> **EXERCISE DIRECTIONS**
Could the lines from the line bearing "Гараж на продажу, 24" to the end of the records below be copied exactly, with the pictures left out and no other lines added?

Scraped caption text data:

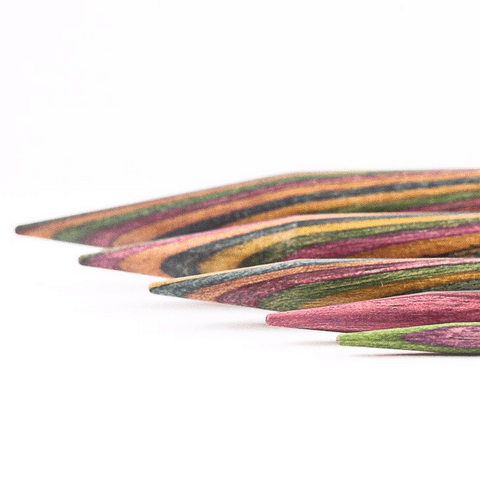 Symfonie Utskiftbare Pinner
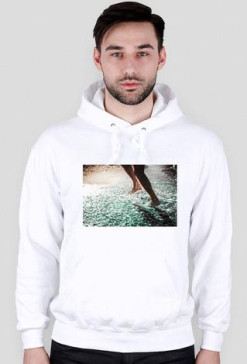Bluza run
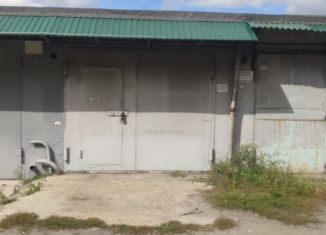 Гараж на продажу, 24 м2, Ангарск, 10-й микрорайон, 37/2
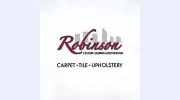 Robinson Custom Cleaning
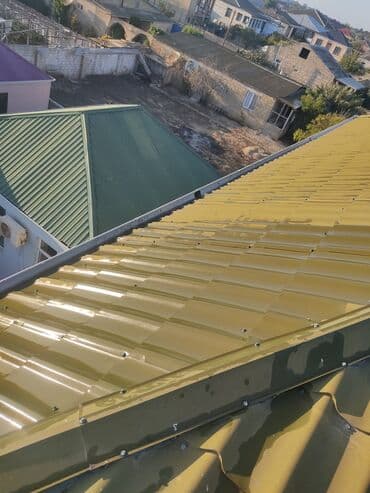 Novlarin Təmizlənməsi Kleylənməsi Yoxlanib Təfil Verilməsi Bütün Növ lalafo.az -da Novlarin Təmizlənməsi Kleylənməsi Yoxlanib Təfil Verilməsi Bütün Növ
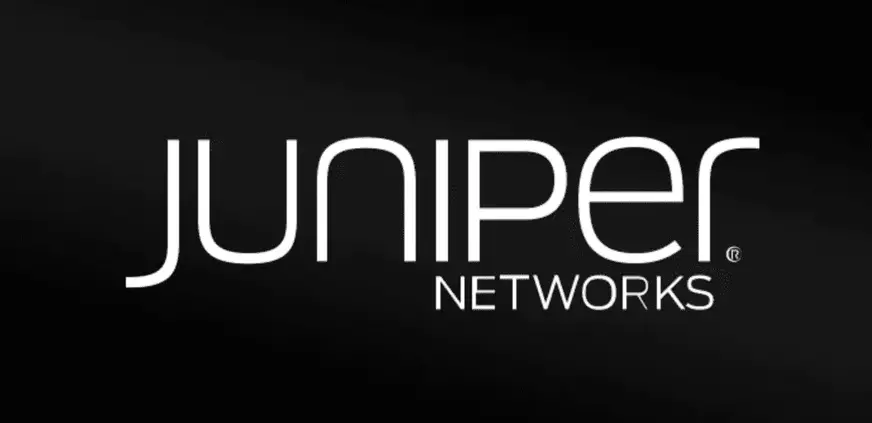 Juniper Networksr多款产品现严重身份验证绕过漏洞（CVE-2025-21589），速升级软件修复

> **ANSWER TO THIS PROBLEM**
 Гараж на продажу, 24 м2, Ангарск, 10-й микрорайон, 37/2
 Robinson Custom Cleaning
 Novlarin Təmizlənməsi Kleylənməsi Yoxlanib Təfil Verilməsi Bütün Növ lalafo.az -da Novlarin Təmizlənməsi Kleylənməsi Yoxlanib Təfil Verilməsi Bütün Növ
 Juniper Networksr多款产品现严重身份验证绕过漏洞（CVE-2025-21589），速升级软件修复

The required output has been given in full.